--- Entries supplied Enclosed Below ---

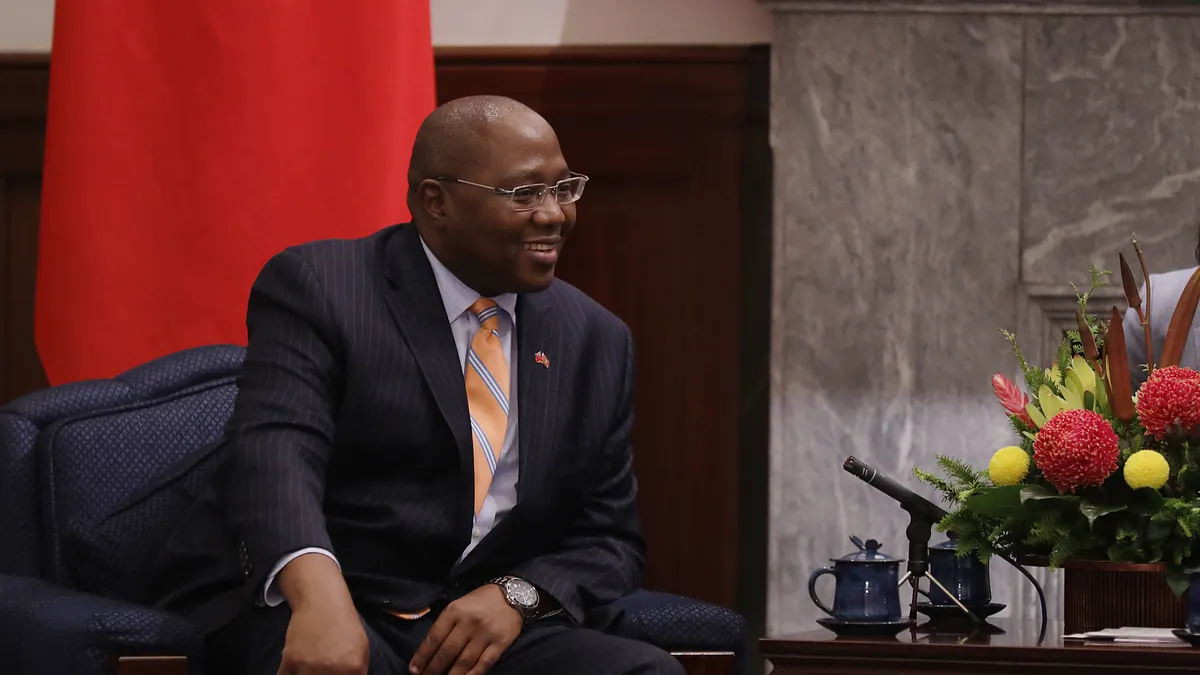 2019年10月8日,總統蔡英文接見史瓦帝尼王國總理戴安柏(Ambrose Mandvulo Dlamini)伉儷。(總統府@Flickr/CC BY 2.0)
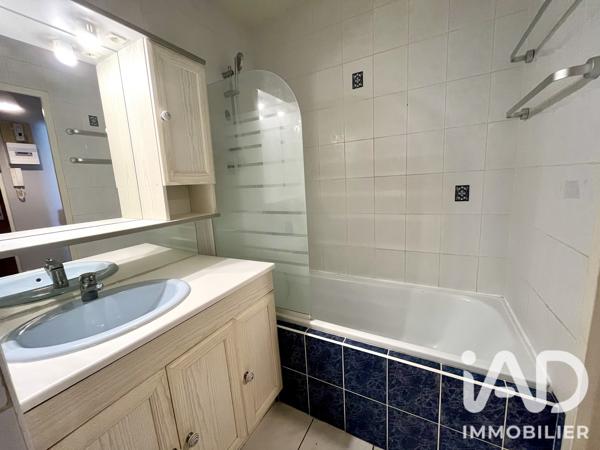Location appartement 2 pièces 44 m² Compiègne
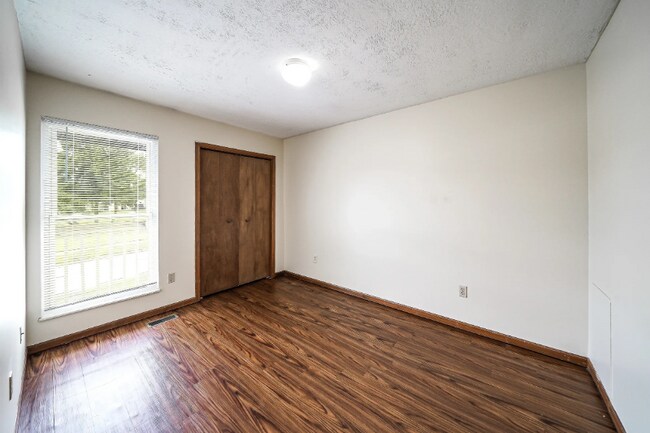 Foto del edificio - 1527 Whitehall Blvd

--- End of Enclosed Entries supplied ---
--- Entries supplied Enclosed Below ---

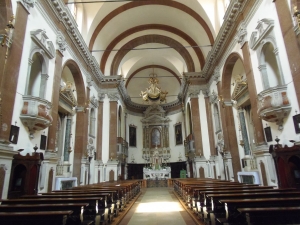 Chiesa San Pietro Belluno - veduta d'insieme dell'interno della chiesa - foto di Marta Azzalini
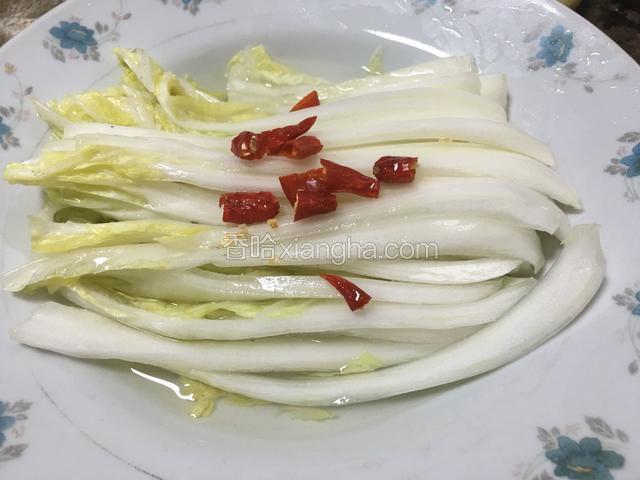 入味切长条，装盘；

--- End of Enclosed Entries supplied ---
--- Entries supplied Enclosed Below ---

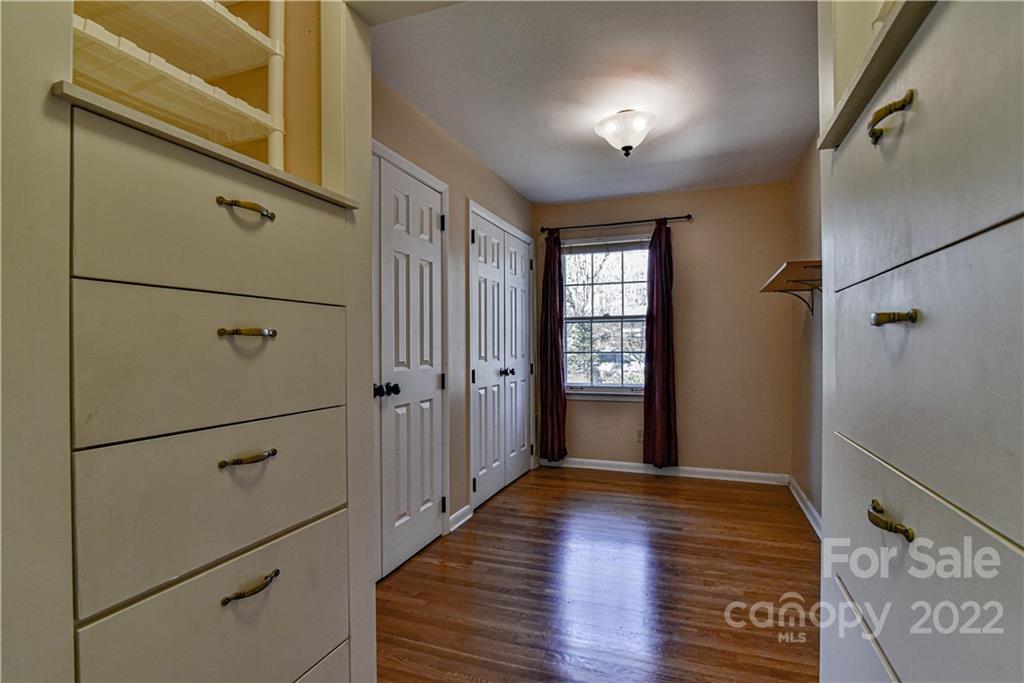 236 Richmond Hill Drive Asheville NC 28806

--- End of Enclosed Entries supplied ---

◆ Task statement
Working from the entries above, please transcribe only the lines from the line with "Dlamini)伉儷。(總統府@Flickr/CC BY 2.0)" through the line with "Foto del edificio - 1527 Whitehall Blvd", exactly, with both end lines and without pictures.

◆ Exercise solution
 2019年10月8日,總統蔡英文接見史瓦帝尼王國總理戴安柏(Ambrose Mandvulo Dlamini)伉儷。(總統府@Flickr/CC BY 2.0)
Location appartement 2 pièces 44 m² Compiègne
 Foto del edificio - 1527 Whitehall Blvd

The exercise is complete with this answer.